A conclusão das investigações foi a de que os pilotos do Legacy desligaram o transponder — um aparelho obrigatório que informa a posição e altitude das aeronaves aos controladores de voo —, e o TCAS, que informa ao piloto a existência de outros aviões nas proximidades.
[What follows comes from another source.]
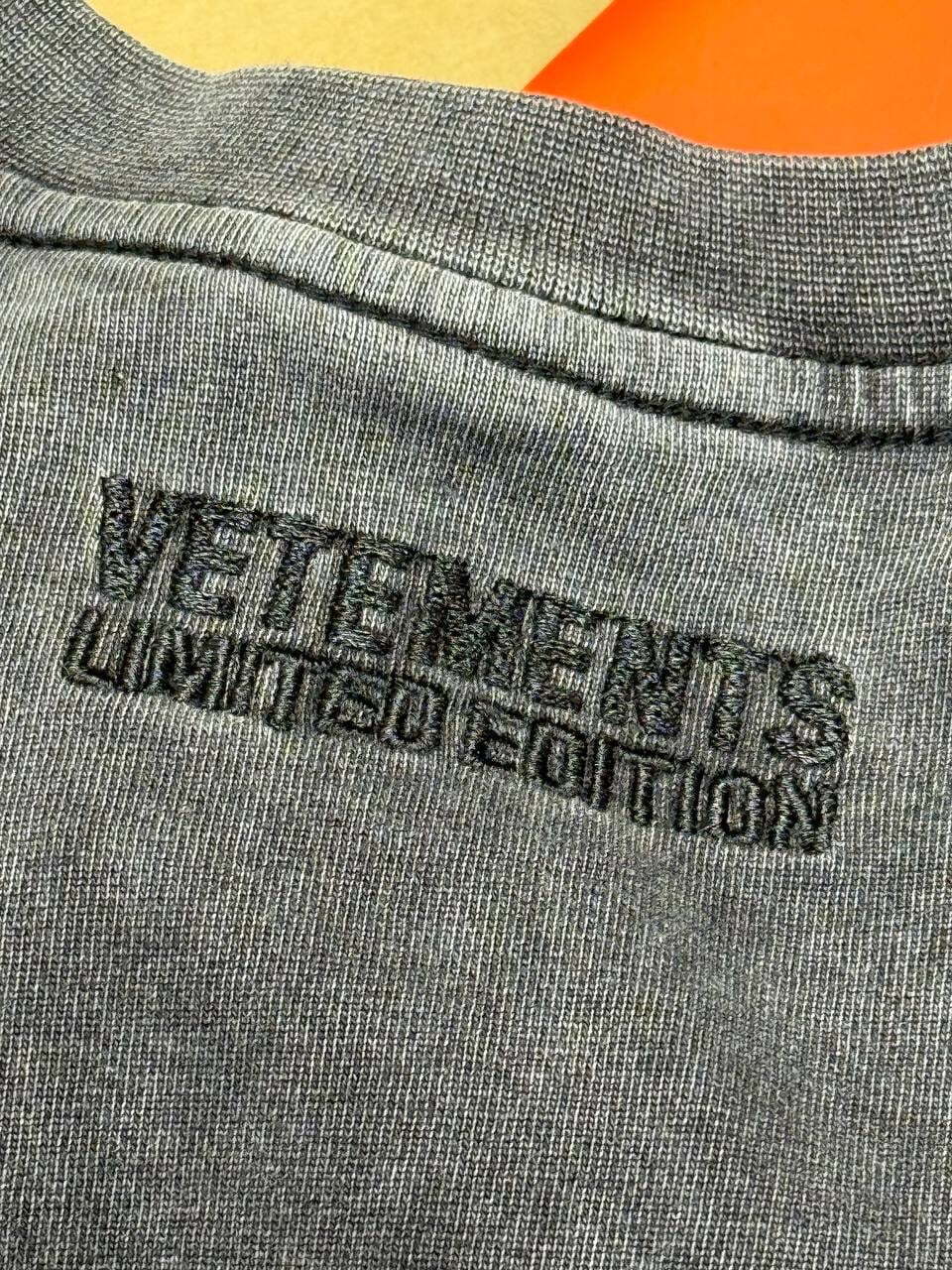 Футболка Vetements Logo Paris — фото 9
Controladores de voo envolvidos na rota do Legacy também foram culpados por conduzir este avião a uma altitude errada (em rota de colisão com o avião da Gol) e não seguir o procedimento correto em caso de ausência de comunicação com uma aeronave.
Os pilotos americanos Joseph Lepore e Jan Paul Paladino foram condenados pela Justiça Brasileira a três anos de prisão e a pena será cumprida nos Estados Unidos, de acordo com a Convenção Interamericana sobre o Cumprimento de Sentença Penais no Exterior. Os réus ainda não foram intimados para dar inicio ao cumprimento da pena imposta. Quanto aos controladores de voo brasileiros, o processo aguarda decisão em recurso especial no Superior Tribunal de Justiça (STJ).
O livro da jornalista foca bastante no processo de recuperação dos restos mortais dos passageiros e tripulantes, bem como o de peças importantes para a investigação, como a caixa-preta e o gravador de voz da cabine. Assim que o “desaparecimento” do Boeing é divulgado, um centro de operações é montado em uma fazenda próxima ao local do acidente, distante 741 quilômetros de Cuiabá. De lá, saíram os helicópteros para a busca dos destroços. Imediatamente a seção central do avião, onde ficam as asas, é localizada pelas equipes, a cerca de 40 quilômetros da fazenda. Ali é aberta uma primeira clareira, de modo que o helicóptero pudesse pousar. Toda a operação movimentou os veículos de comunicação, que mandaram equipes para cobrir aquele que, até então, era o maior acidente da aviação civil do Brasil (em julho de 2007 essa posição passou para o Voo 3054 da TAM em Congonhas).
Pilotos, paraquedistas, mecânicos, bombeiros, peritos, legistas, investigadores, médicos, além de outros profissionais, formavam o grupo ligado ao resgate — eram mais de 350 pessoas envolvidas. As equipes em solo sofreram bastante com o calor e a alta umidade da selva. Além disso, abelhas foram responsáveis por diversas picadas. Muitas vezes eles tiveram de dormir na clareira, de forma improvisada, pois as condições meteorológicas nem sempre eram favoráveis ao voo. Desidratação e esgotamento físico e mental foram a tônica daqueles dias. Além disso, como o avião se desintegrou no ar, a área de buscas era imensa, calculada em cerca de 20 quilômetros quadrados.
Para a equipe de resgate, a rotina diária começava por volta das 5h30, e terminava com a reunião no final do dia, às 20h. Também foram usados três cães farejadores nas buscas pelos corpos. O último passageiro a ter seus restos mortais identificados foi Marcelo Paixão, no 54º dia de operações na selva. Ou seja, foram quase dois meses de buscas em plena floresta amazônica.
“Eu sempre tive interesse em produzir algo sobre a história da operação. Em primeiro lugar pelo próprio teor jornalístico e também por ter todo o conteúdo tão próximo. Meu irmão relatava tudo com muita precisão e tornava a história sempre viva e presente. Pensei em produzir um filme, depois um documentário, mas não saiu do papel”, afirmou a autora em entrevista ao Rivotravel.